Come on man its not that big. My entire save games are around 8GB size in total. So I would say save games are not that big.


----------



## ithehappy (Nov 25, 2011)

gameranand said:


> Come on man its not that big. My entire save games are around 8GB size in total. So I would say save games are not that big.


Well I haven't seen any save game folder with that size, they always stay at around 20-25 mb, that's why I felt 129 mb a bit bigger than normal


----------



## Zangetsu (Nov 25, 2011)

ithehappy said:


> Well I haven't seen any save game folder with that size, they always stay at around 20-25 mb, that's why I felt 129 mb a bit bigger than normal



8GB.. gameranand have the collection of save games from many games


----------



## rchi84 (Nov 25, 2011)

Just finished the sp campaign and i have to say that sp wise it beats bf3's random jumble. Price is a true bada$$. Not worth replaying though.. Will give mp a shot after i finish arkham city..


----------



## omega44-xt (Nov 25, 2011)

When i start the game an error comes:
The error is "Couldn't load image 'devfonts_pc' ".
What to do ? I've updated DX & Catalyst


----------



## Zangetsu (Nov 25, 2011)

anupam_pb said:


> When i start the game an error comes:
> The error is "Couldn't load image 'devfonts_pc' ".
> What to do ? I've updated DX & Catalyst



u r getting the same error as u posted in post#247 above...

googling might help


----------



## ithehappy (Nov 29, 2011)

290.36 BETA driver released and was checking the changelogs and found that it added *Ambient Occlusion* for COD MW 3.
Now may I know what is this thing? I don't wanna replay the damn game but if it's something nice then I'll rethink.


> New in R290 Drivers
> 
> NVIDIA Ambient Occlusion
> 
> ...



TIA.


----------



## ranjitsd (Dec 11, 2011)

Just spent 185 rs in xbox 360 gamezone just took 5hr 30min to complete it.mw3 is better then black ops and bf3.short and sweet


----------



## Digital Fragger (Dec 11, 2011)

^^
just 30min!


----------



## quan chi (Jan 3, 2012)

started this game.will update later.


----------



## vamsi_krishna (Jan 4, 2012)

Just completed the game. Despite what haters say, This game is good.


----------



## quan chi (Jan 4, 2012)

^^yep i concur i am almost in the middle and single player wise its far better than wannabe mw (bf3).


----------



## quan chi (Jan 7, 2012)

Just finished the single player campaign and its *amazing!!*.
This game has been falsely criticized too much.I am not a fan of any series but i will say that people over the metacritic has given the worst review till date.It seems it has been purposely trolled and spammed by bf fanboys.

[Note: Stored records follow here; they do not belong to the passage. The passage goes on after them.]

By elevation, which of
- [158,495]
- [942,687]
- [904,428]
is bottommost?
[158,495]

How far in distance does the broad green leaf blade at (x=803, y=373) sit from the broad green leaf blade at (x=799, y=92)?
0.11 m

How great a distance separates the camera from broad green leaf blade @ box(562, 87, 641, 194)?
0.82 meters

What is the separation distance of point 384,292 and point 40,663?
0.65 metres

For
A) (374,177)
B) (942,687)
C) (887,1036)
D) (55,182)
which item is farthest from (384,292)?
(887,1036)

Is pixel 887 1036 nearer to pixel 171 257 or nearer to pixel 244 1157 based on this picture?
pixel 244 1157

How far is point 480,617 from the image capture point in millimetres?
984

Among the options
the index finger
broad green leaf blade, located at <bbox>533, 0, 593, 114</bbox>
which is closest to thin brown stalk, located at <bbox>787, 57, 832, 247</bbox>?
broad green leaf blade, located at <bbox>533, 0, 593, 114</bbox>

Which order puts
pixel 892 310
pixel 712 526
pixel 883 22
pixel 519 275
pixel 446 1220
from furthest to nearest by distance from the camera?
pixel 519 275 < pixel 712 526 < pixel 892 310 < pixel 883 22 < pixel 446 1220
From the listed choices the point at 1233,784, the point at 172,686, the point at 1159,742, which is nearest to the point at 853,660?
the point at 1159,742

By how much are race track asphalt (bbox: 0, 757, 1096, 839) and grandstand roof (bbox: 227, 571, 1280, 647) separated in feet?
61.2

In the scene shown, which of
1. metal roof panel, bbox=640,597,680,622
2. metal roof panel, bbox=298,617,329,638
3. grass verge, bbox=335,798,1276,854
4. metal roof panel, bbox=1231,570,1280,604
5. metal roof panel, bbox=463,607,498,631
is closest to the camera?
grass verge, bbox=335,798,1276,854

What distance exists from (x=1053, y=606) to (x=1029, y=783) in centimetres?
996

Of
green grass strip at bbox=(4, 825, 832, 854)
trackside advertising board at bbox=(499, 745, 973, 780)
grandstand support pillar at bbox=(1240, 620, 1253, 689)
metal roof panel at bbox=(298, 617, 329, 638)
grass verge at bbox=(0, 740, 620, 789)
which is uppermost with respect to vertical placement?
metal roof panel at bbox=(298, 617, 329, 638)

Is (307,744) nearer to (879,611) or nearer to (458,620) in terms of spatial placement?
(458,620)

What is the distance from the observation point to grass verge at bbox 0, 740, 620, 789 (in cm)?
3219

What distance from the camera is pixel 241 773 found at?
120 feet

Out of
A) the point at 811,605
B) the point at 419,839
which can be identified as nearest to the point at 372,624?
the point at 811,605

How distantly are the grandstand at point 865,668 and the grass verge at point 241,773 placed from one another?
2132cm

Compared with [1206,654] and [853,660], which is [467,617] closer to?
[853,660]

Bf is not even a little bit closer to mw series when it comes to adrenaline pumping based campaign mode.


----------



## ico (Jan 7, 2012)

Had this game been priced fine by Activision, you wouldn't have seen any sort of trolling from anyone.

Wondering if someone actually spent Rs. 2,500 and then played it for the campaign.

Get over it.



Try to look it from the scale of the preceding games and realise whether it contained something new. That said, what you could say is, the game contained same old stuff which people like.


----------



## Liverpool_fan (Jan 7, 2012)

It's Rs.2.5k for a god damn DLC. End of.


----------



## quan chi (Jan 7, 2012)

ico said:


> Had this game been priced fine by Activision, you wouldn't have seen any sort of trolling from anyone.
> 
> Get over it.


Agreed absolutely.Pricing dosent justify.But is this reason enough to give it a score of 1,0 etc.It depends on tastes too.

If you are not a team player then cod is for you as battlefield requires team support.



ico said:


> Wondering if someone actually spent Rs. 2,500 and then played it for the campaign.



Exactly if you have not spend Rs 2500 and still enjoyed its single player campaign then you should atleast have the courtesy to give it a rating which it actually deserves.As you do not have any right on this case to criticize it.

Try to understand it.


----------



## Liverpool_fan (Jan 7, 2012)

quan chi said:


> Exactly if you have not spend Rs 2500 and still enjoyed its single player campaign then you should atleast have the courtesy to give it a rating which it actually deserves.As you do not have any right on this case to criticize it.
> 
> Try to understand it.


Agreed with that. But it's not a good idea to make assumptions.


----------



## ico (Jan 7, 2012)

well, you'll always expect a backlash. Gamers are volatile idiots.  Everyone knows that.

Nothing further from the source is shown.